List the greenhouse gases and outline their impact on the greenhouse effect.
- Greenhouse gases include: carbon dioxide, water vapour, methane and nitrogen oxides.
- All greenhouse gases can absorb longer wave radiation but not with the same ability.
- The impact of a greenhouse gas depends on how able it is to absorb longer wave radiation and on its concentration.
- Although methane absorbs longer wave radiation better than carbon dioxide, it is present at much lower concentrations.
- Highest impact greenhouse gases are carbon dioxide and water vapour.
- Lowest impact greenhouse gases are methane and nitrogen oxides.
Outline the influence of greenhouse gases on global temperatures and climate patterns.
- It is expected that any further increase in the concentration of greenhouse gases will increase the average temperature of the Earth.
- Increasing global temperature will also impact climate patterns, causing extreme weather.
Outline the threat to coral reefs from increasing concentrations of dissolved carbon dioxide.

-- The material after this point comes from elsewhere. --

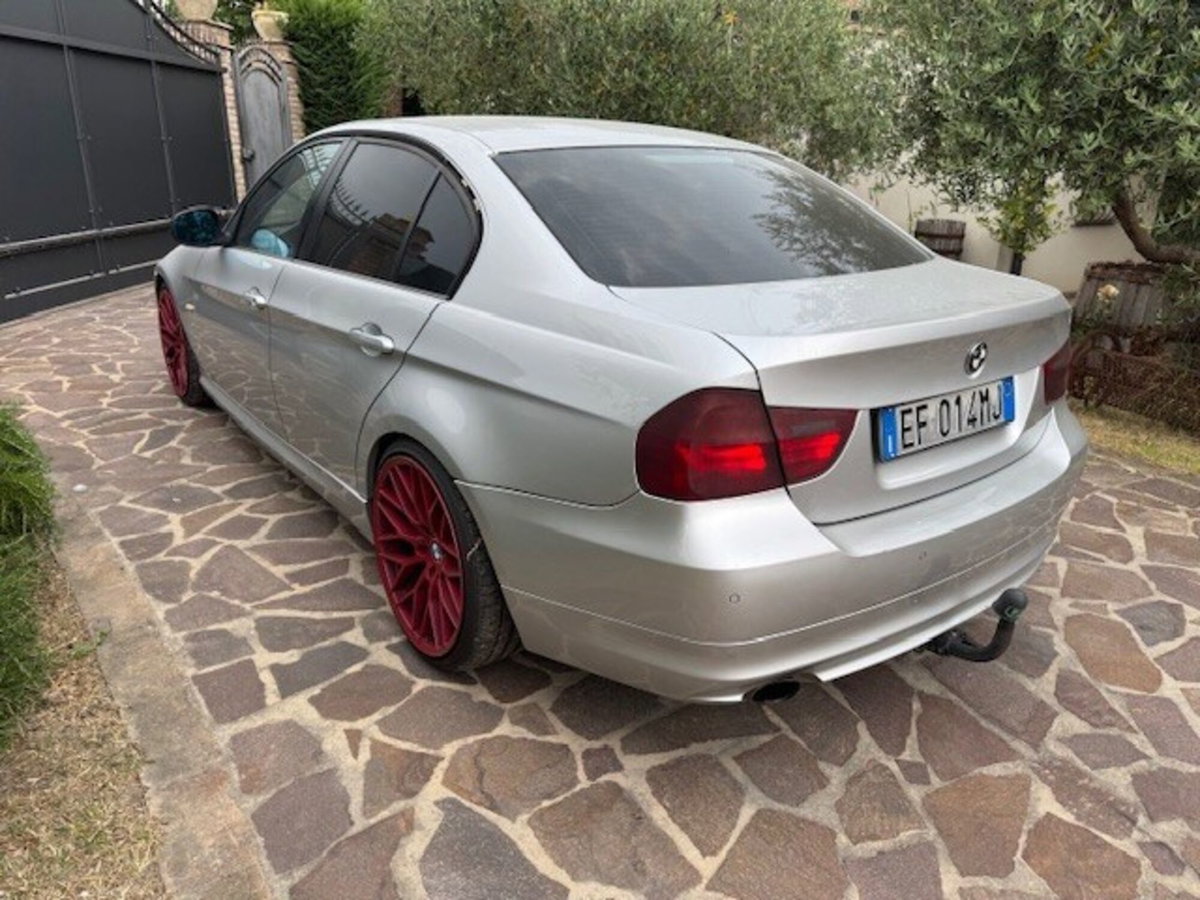 BMW Serie 3 320d cat Futura (4)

- Increased atmospheric carbon dioxide concentration in the atmosphere has led to an increase in the amount of carbon dioxide dissolved in the ocean.
- This has caused the ocean to become less alkali since carbon dioxide reacts with water to form carbonic acid (which dissociates).
- Hydrogen ions react with carbonate ions and reduce carbonate ion concentrations.
- Carbonate ions are required by coral to synthesise calcium carbonate for their skeletons so coral will grow more slowly.
- Hydrogen ions can also react with the calcium carbonate skeletons of the corals and cause it to break down.
- Any future increases in carbon dioxide concentration will increase the threat to coral reefs.